One way to get a better idea of how well the tool is doing is to draw the output JSON data back over the map. In the image below, the coloured shapes drawn over the map are where the tool detects there to be text: yellow where text data was produced with OCR; blue when it detected text but didn’t transcribe it. Any extracted text data is also written over the top. With sliders to adjust the different layers’ opacity, it is possible to get a better sense of the results quality and in what kinds of cases the tool is struggling. (Visualising the output JSON is done in JavaScript/d3.js). Reviewing the output of Strabo visually in this way is a step towards evaluating the quality of text recognition in historical maps.
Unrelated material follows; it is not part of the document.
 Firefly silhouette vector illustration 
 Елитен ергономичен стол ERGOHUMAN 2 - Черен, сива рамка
For this particular map (Haslingden in Lancashire), what do we learn? We can see the tool has had mixed success. It detects some of the map text, but trips up on a fair amount of this in the OCR stage. It is having a particularly hard time with street names in the built-up town area. Looking in more detail, while the tool considers some of the buildings and part of the railway line are text, fortunately it largely does not produce text data for these.
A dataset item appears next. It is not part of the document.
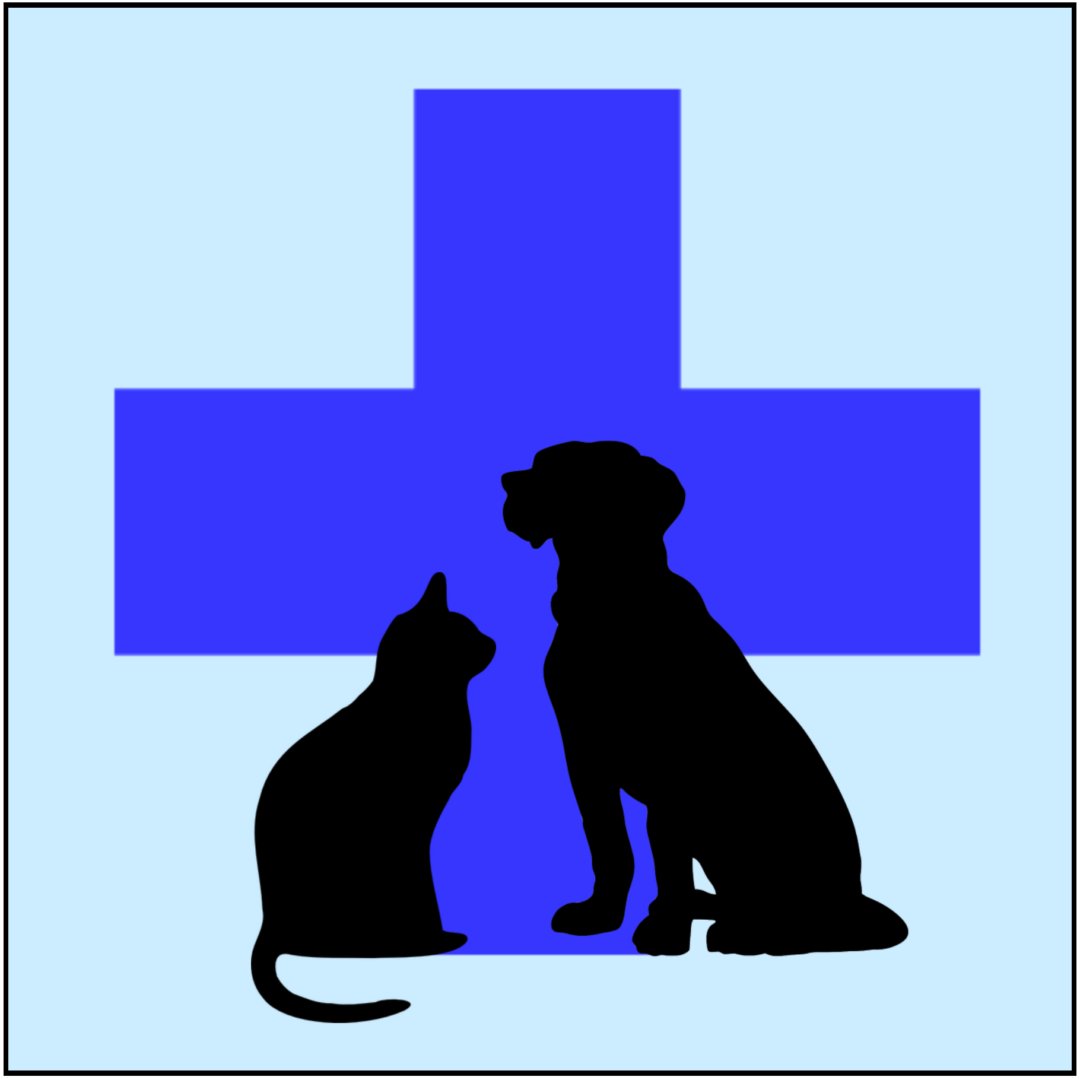 Pet Care Veterinary in El Cajon, CA | Bastet Animal Hospital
It may be doing a better job with particular typefaces. (Running OCR on historic documents commonly runs into problems when the typefaces are dissimilar from modern ones, which the software is optimised for). In this case, the tool is not obviously struggling with the more decorative 19th-Century typefaces (though it misses text which has very wide letter spacing). With field numbers, though, text data is often extracted for the bottom number, but not the top (which is a different typeface). Neither of these at a glance seem that far from modern typeface designs, though the OCRed typeface is a serif while the other is a sans-serif, which may be relevant?
The tool mistakes particular visual elements for text, for example, it “reads” grass symbols. In some cases this produces nonsense, but in other cases actual words, eg. ‘Vipers’. This is something we need to watch out for in any future use!
This visualisation technique gives us quick, non-statistical feedback on the success of Strabo text detection/extraction in our map image. It indicates where the tool struggles and where we might want to direct our attention in future work to improve results.